I don’t disagree with the incompetence part, although they were the original incompetents. Those who hide in ivory towers and push soldiers around on paper, have little exposure to reality. They, who encouraged Rummy’s new vision of a slimmed-down mobile army and blasted General Shinseki for his traitorous pronouncement that we weren’t going to win anything with less than a few hundred thousand troops on the ground, now have the glaring audacity to blame the ones whose paeans they sang and crammed down our throats at every stinking opportunity.

It was in May of 2002 that Richard Perle, one of the neo-con architects of the war (then Head of the Defense Policy Board) and also known as the Prince of Darkness, was interviewed by David Corn. During that interview this exchange took place:

I noted there were widespread media reports saying an attack would require up to 250,000 troops. These soldiers could not all be air-dropped into Iraq. They would have to come from somewhere, such as Saudi Arabia. And a military action of this size would need extensive logistical support nearby.
Forget the 250,000 figure, Perle said: “The Army guys don’t know anything. They said we needed 500,000 troops in 1991 [for the Gulf War]. Did we need that many to win? No."
What’s the Perle Plan? I asked.
"Forty thousand troops.” he said.
To take Baghdad? Nah, he replied. To take control of the north and the south, particularly the north, where the oil fields are. Cut off Saddam’s oil, make him a pauper, that should do the trick.
"We don’t need anyone else,” he said, in a distinctly imperial fashion.

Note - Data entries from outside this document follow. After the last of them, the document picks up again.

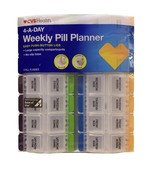 4-A-Day Weekly Pill Planner- Easy Push- Button Lids - $29.85 CAD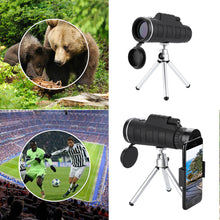 Load image into Gallery viewer, Monocular Telescope, Outlife 40X60 BAK4 Prism &amp; FMC, HD Night Vision with Phone Clip and Tripod for Bird Watching, Car Racing,Horse Racing, Hiking, Boating and Sightseeing
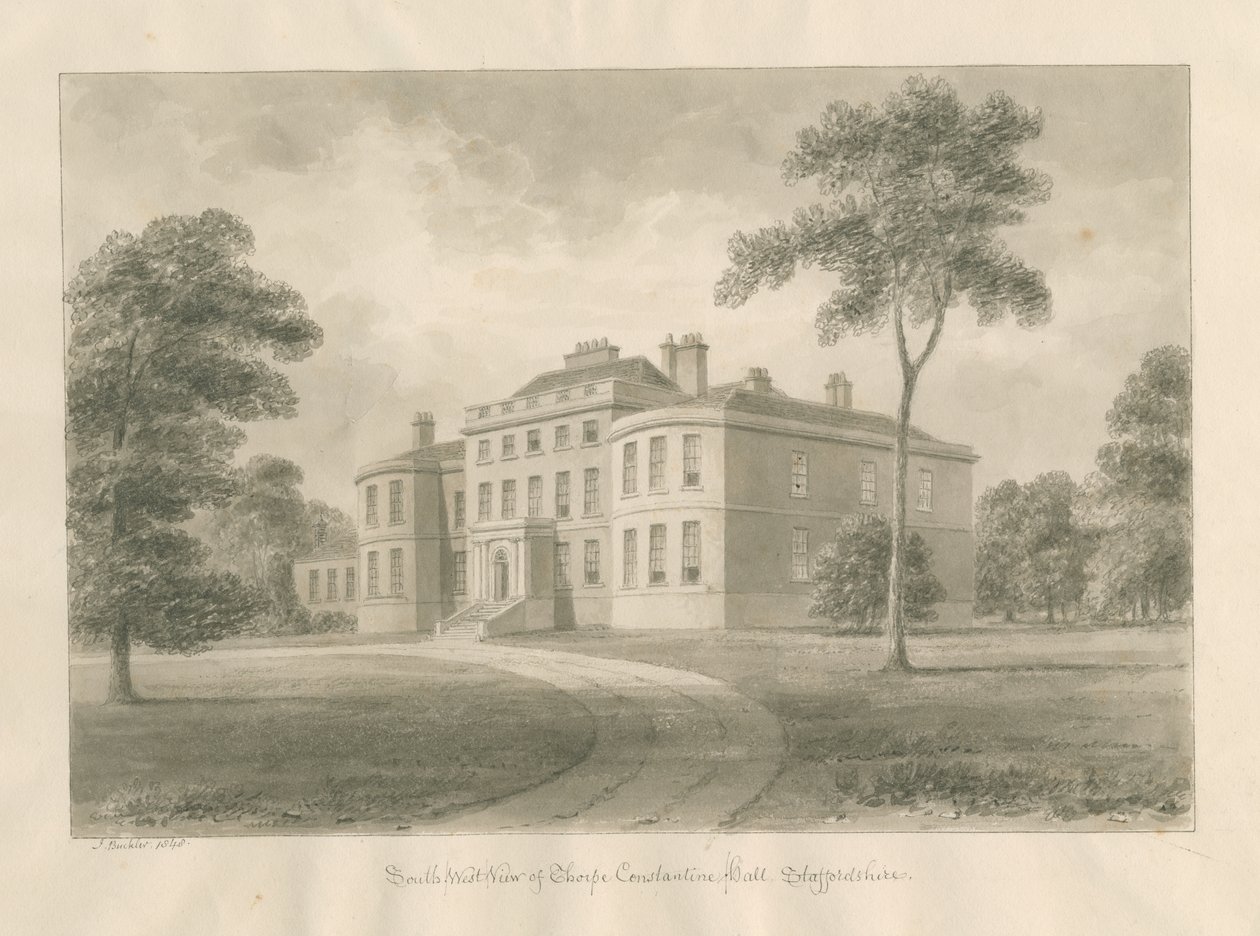 Thorpe Constantine Hall: desenho em sépia, 1848 de John Buckler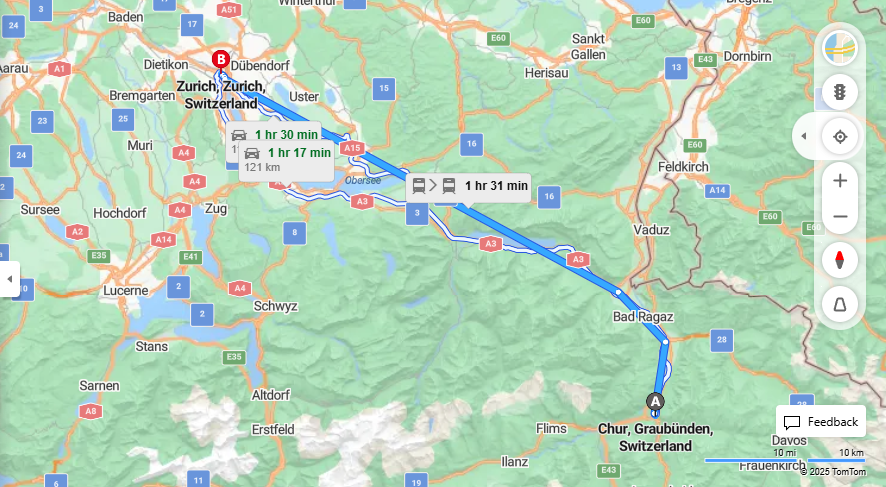 Anreise von Chur Zu Zurich Über 

IC3



17


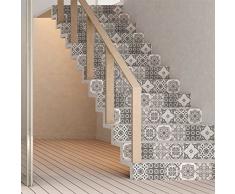 Stickers Adhesivos escalera carrelages | adhesivo adhesivo contremarche azulejos de cemento - Adhesivos contremarche carrelages | escalera cuadros de cemento adhesiva - Azulejos - 15 x 105 cm - 6 bandas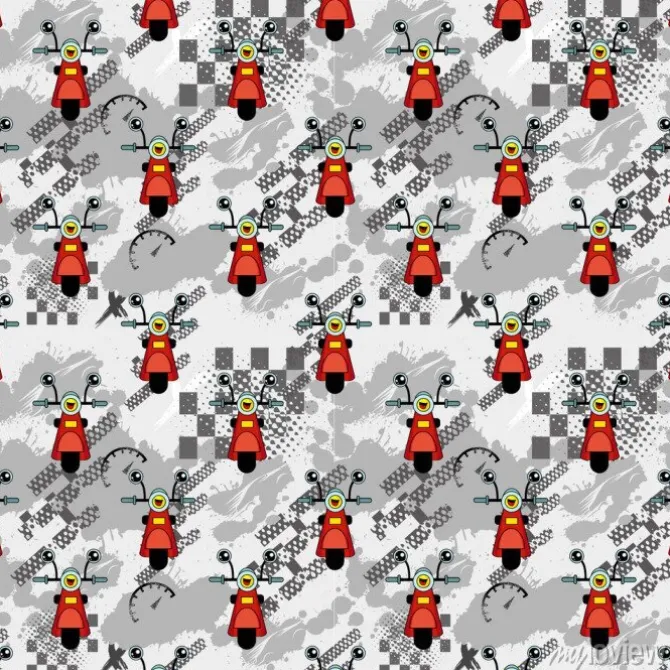 Tapeta: Cute dla dzieci wzór dla dziewcząt i chłopców. kolorowe motocykla,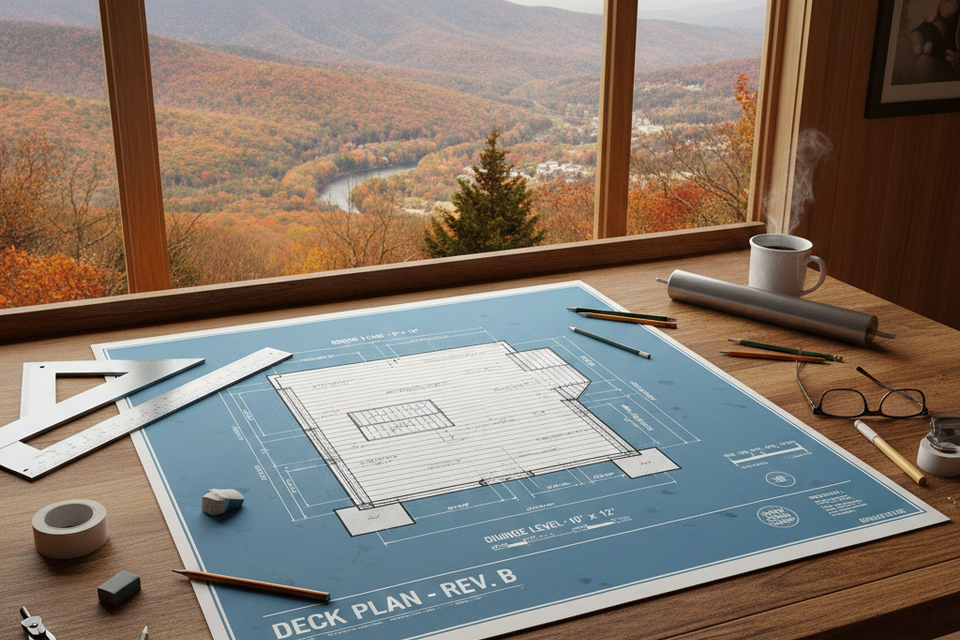 Saylorsburg pa custom deck design blueprint pocono mountains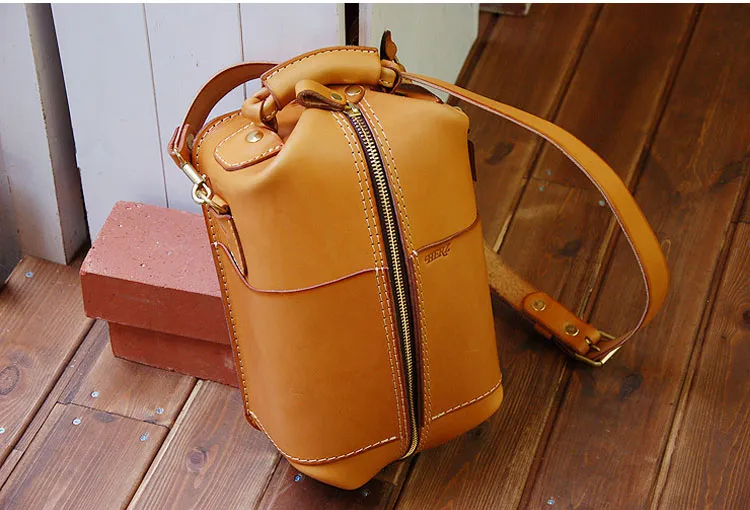 Mens Leather Barrel Side Bag Patterns Leather Pattern Bucket Shoulder Bag Leather Craft Pattern
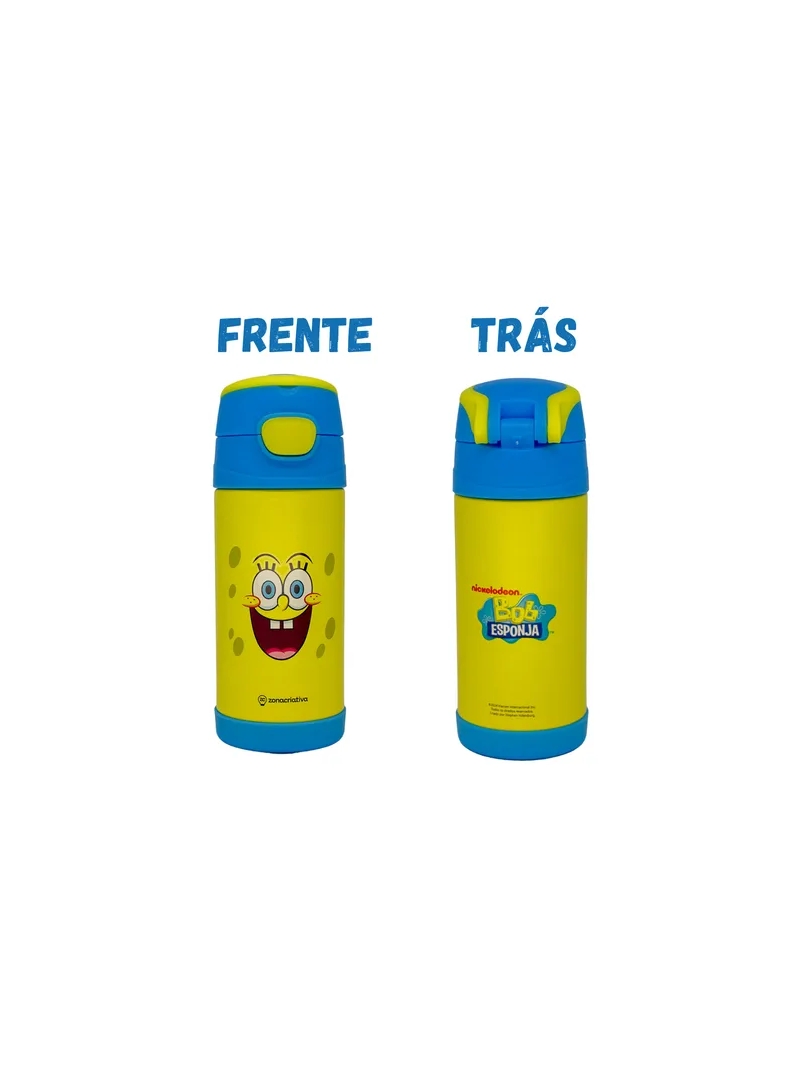 Garrafa Térmica Bob Esponja Inox Infantil Criança 350ml - Zona Criativa - Arco Ìris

Screw the Army guys who don’t know anything.

Now that the thing is lost, they feel absolutely no twinges of regret for casting blame far and wide. The war hasn’t been fought seriously, lo these past three years. It’s not their fault. We still could have done it with 40,000 troops and enough bombs to turn Iraq into glass, no? And what about cakewalks and roses?

“We have not had a serious three year effort to fight a war in Iraq, as opposed to laying the preconditions for getting out,” Kristol stated, without batting an eyelash.

Tell it to the soldiers who died, believing they were saving your ass, traitor.

You see, a plan of disengagement, which all military personnel worth their salt understand is part and parcel of warmaking, is for appeasers. This war wasn’t supposed to end. It was supposed to go on and on and on. It was supposed to engulf Syria and Iran and Saudi Arabia and Egypt, if possible. It was the grandest vision of Pax Americana that anyone has ever conceived.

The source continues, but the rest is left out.